→ **WHAT TO DO**
Without any images, output the records below verbatim.

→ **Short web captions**

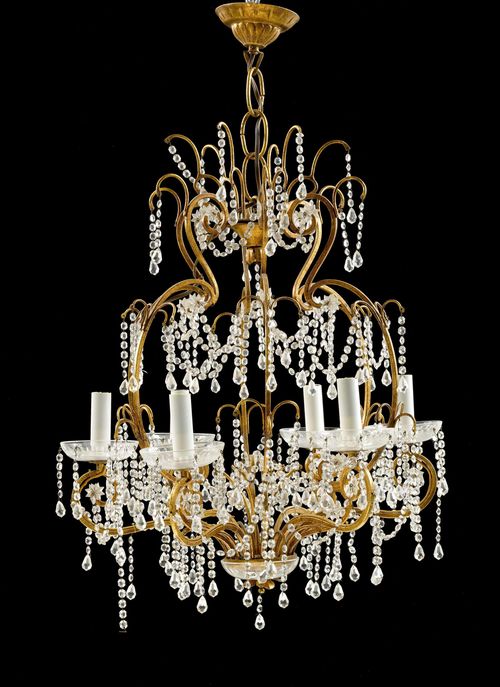 CHANDELIER,Baroque style, 20th century. Pierced, curved gilt metal frame with 6 light branches. Glass hangings designed as strings of pearls. H 62, D 50 cm. Fitted for electricity.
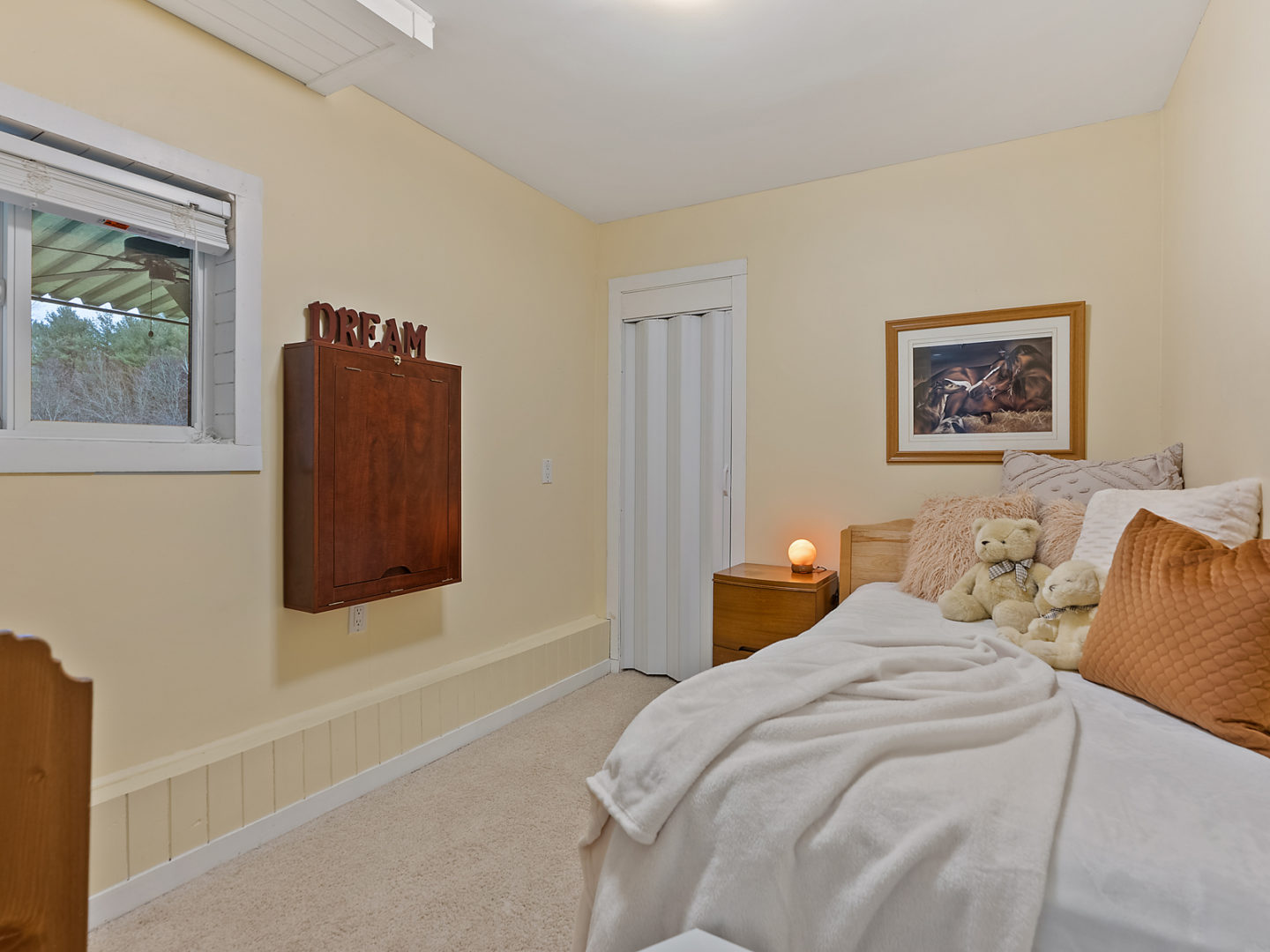 A small bedroom with a bed, a window, and a bedside table.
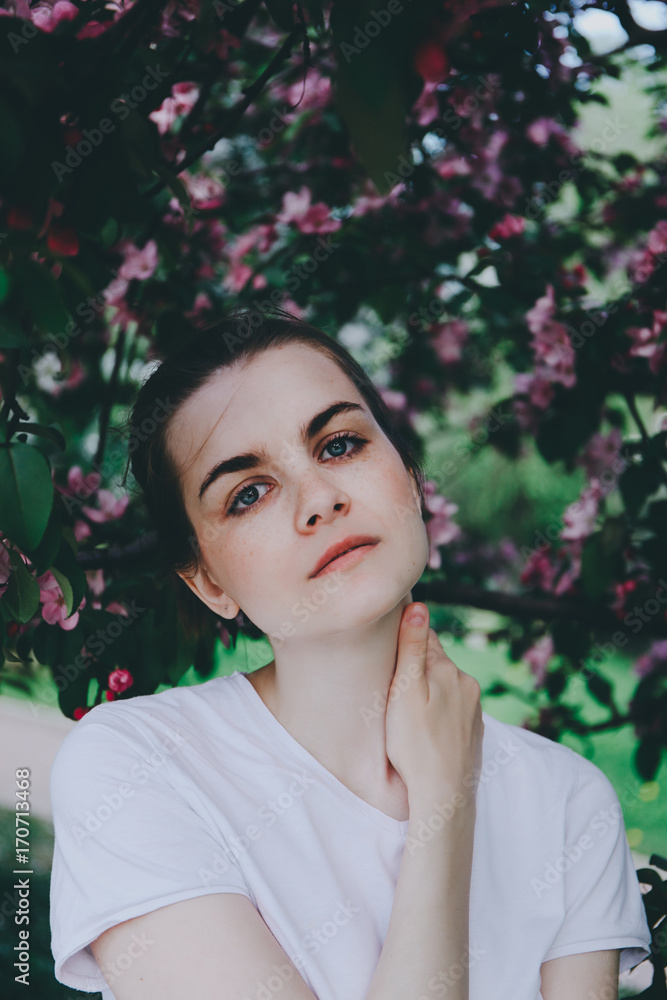 Girl near blossoming tree. Girl near blossoming tree.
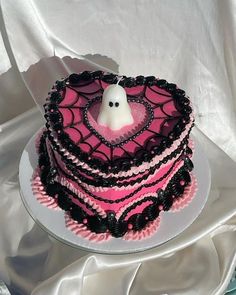 a heart shaped cake decorated with black and pink icing, topped with a spooky ghost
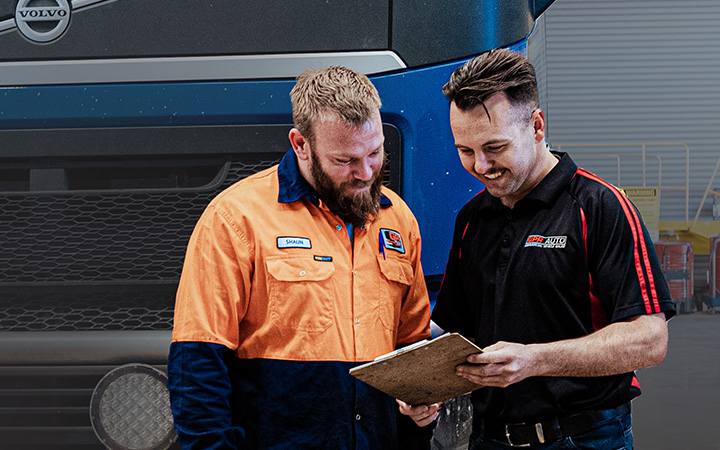 Two mechanics looking an information in a paper sheet in a workshop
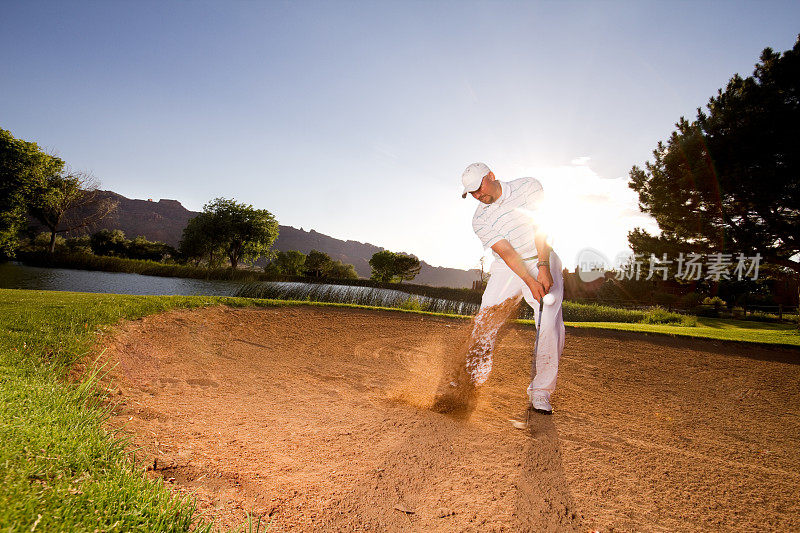 男高尔夫球手使沙坑击球与沙楔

→ **WRITTEN RESPONSE**
 CHANDELIER,Baroque style, 20th century. Pierced, curved gilt metal frame with 6 light branches. Glass hangings designed as strings of pearls. H 62, D 50 cm. Fitted for electricity.
 A small bedroom with a bed, a window, and a bedside table.
 Girl near blossoming tree. Girl near blossoming tree.
 a heart shaped cake decorated with black and pink icing, topped with a spooky ghost
 Two mechanics looking an information in a paper sheet in a workshop
 男高尔夫球手使沙坑击球与沙楔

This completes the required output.